Upon reading Rationale for sizing of lightning down conductor a correspondent asks whether his premises 4mm^2 main earthing conductor ok as a lightning down conductor.

Intended purpose of electrical installation ground electrode

The usual source of current on the premises main earth conductor would be a fault energised by the incoming supply. To understand the implications, lets review the supply system.

Most residential premises in Australia use the MEN supply system, and they have an earth electrode (typically a 1.2m driven copper clad steel rod) which is bonded to the supply neutral at the main switchboard. The supply is usually protected by Service Fuses which are typically HRC fuses commonly rated up to 100A in residential premises. Fuses are rated for a pre-arc i^2t product, and these are typically rated for up to about 25,000 A^2s.

So, the energy delivered to a severe fault (one that blows the Service Fuse almost instantly) is limited by the fuse's rating of say 25,000A^2.

A 4mm^2 V75 PVC insulated main earth conductor will withstand that fault scenario with very little temperature rise, and in many fault cases, much of the fault current will return via the neutral rather than through the premises ground electrode (which is rarely low resistance).

As an aside, the minimum main earth conductor has been 6mm^2 for decades now, but as you can see there is no reason to loose sleep over an installation compliant with older rules.

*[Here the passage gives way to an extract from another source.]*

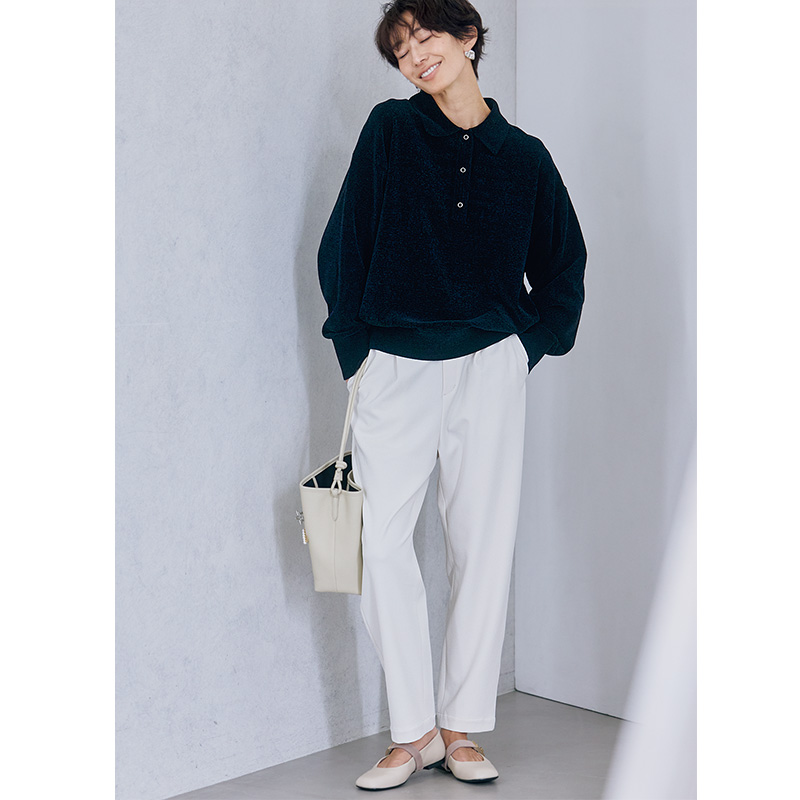 グリーンレーベルリラクシングのポロニットと白パンツを着た神山まりあさん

Lightning introduces another source of drive to the electrical installation, and if it comes from a local antenna system, it is not effectively limited by the electrical supply Service Fuses.

This can and will drive very high currents into the premises protective earthing system which may cause damage to persons and property. The extent of damage would of course depend on the severity of the lightning event, and they can vary over a very wide range.

The premises protective earthing system is designed to be a part of the premises electrical installation, and not designed to provide lightning protection.